*** RECORDS TO USE ***

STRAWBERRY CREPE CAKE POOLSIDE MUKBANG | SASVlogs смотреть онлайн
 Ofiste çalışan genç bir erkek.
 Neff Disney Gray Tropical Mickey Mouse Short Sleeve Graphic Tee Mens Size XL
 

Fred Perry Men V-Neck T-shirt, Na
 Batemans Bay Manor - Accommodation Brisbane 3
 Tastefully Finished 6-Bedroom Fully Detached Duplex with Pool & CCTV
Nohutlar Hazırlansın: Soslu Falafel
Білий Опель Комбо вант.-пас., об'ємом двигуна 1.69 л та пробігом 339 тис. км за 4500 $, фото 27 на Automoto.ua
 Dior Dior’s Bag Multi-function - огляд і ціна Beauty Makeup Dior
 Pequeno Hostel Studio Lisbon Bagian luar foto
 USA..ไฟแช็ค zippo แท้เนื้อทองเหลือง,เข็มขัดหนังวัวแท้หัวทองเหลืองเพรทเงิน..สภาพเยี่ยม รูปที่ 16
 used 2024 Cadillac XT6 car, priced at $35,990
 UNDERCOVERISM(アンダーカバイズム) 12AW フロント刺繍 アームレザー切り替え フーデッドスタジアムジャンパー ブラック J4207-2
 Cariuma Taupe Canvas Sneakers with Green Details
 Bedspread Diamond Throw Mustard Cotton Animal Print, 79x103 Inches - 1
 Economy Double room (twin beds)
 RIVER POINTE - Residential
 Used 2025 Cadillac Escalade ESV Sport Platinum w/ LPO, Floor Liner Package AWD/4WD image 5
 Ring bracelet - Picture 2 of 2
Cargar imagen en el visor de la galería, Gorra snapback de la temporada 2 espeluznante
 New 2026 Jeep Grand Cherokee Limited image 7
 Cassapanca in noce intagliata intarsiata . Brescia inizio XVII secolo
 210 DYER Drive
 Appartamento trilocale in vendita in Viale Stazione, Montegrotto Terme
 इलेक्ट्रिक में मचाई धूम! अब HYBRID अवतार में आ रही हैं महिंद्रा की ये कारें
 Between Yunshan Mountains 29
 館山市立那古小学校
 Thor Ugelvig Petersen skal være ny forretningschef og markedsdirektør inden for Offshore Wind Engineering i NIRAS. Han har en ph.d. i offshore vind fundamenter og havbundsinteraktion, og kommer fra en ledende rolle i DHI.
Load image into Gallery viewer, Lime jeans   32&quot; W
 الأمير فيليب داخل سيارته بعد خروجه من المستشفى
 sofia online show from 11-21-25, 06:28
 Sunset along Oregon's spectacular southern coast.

*** End of RECORDS TO USE ***

Working from the records above, write out verbatim only the lines from the line containing "Tastefully Finished 6-Bedroom" through the line containing "UNDERCOVERISM(アンダーカバイズム) 12AW フロント刺繍".

 Tastefully Finished 6-Bedroom Fully Detached Duplex with Pool & CCTV
Nohutlar Hazırlansın: Soslu Falafel
Білий Опель Комбо вант.-пас., об'ємом двигуна 1.69 л та пробігом 339 тис. км за 4500 $, фото 27 на Automoto.ua
 Dior Dior’s Bag Multi-function - огляд і ціна Beauty Makeup Dior
 Pequeno Hostel Studio Lisbon Bagian luar foto
 USA..ไฟแช็ค zippo แท้เนื้อทองเหลือง,เข็มขัดหนังวัวแท้หัวทองเหลืองเพรทเงิน..สภาพเยี่ยม รูปที่ 16
 used 2024 Cadillac XT6 car, priced at $35,990
 UNDERCOVERISM(アンダーカバイズム) 12AW フロント刺繍 アームレザー切り替え フーデッドスタジアムジャンパー ブラック J4207-2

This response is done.